Le Secrétariat d’État chargé de la Pêche maritime a officialisé, le 4 novembre, une série de mesures destinées à protéger les poissons pélagiques. Un décret fixe à 45 jours la durée du repos biologique de la sardine sur les côtes d’Agadir, entre le 1er janvier et le 15 février 2026.
Selon les informations relayées par Al Akhbar, cette trêve s’appliquera du site de Taghnaj, relevant de la délégation maritime d’Agadir, jusqu’au cap Boujour, dans la juridiction de Laâyoune. Sur un second front, la même mesure interdira toute pêche de sardines entre Boujdour et Dakhla, du 1er janvier au 28 février 2026.
Cette suspension temporaire, expliquent les autorités, vise à enrayer le déclin des stocks et à favoriser la reproduction naturelle des espèces.
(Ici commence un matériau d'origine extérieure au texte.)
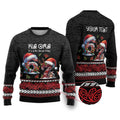 Aotearoa Six Seven Personalized Ugly Christmas Sweater New Zealand Funny Christmas - Aussie Hoodie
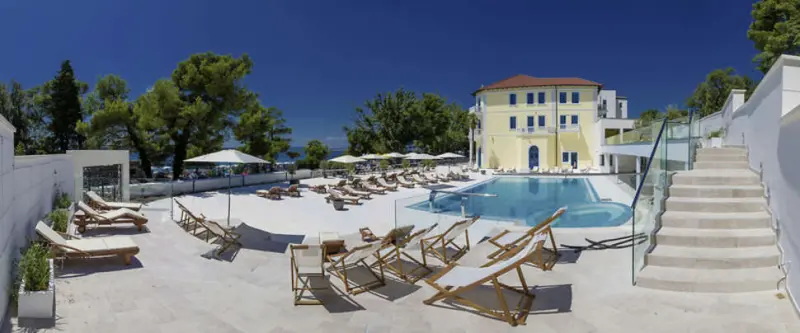 Boutique Hotel Esplanade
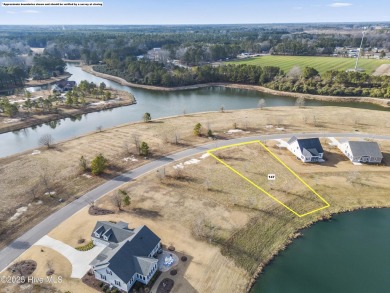 Ideal for investors, future homeowners, or builders, this on River Landing Golf Course in North Carolina - for sale on GolfHomes.com, golf home, golf lot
L’Institut national de recherche halieutique (INRH) avait d’ailleurs tiré la sonnette d’alarme : les indicateurs biologiques montrent un affaiblissement préoccupant des populations de petits pélagiques, soumis à une pression d’exploitation intense.
Face à ce constat, la stratégie adoptée repose sur un principe simple mais vital : laisser la nature reprendre ses droits. Cette période de repos devrait ainsi permettre la régénération des habitats marins et la reconstitution progressive des bancs de sardines, dont certaines zones sont déjà classées au niveau critique « C », synonyme d’épuisement avancé.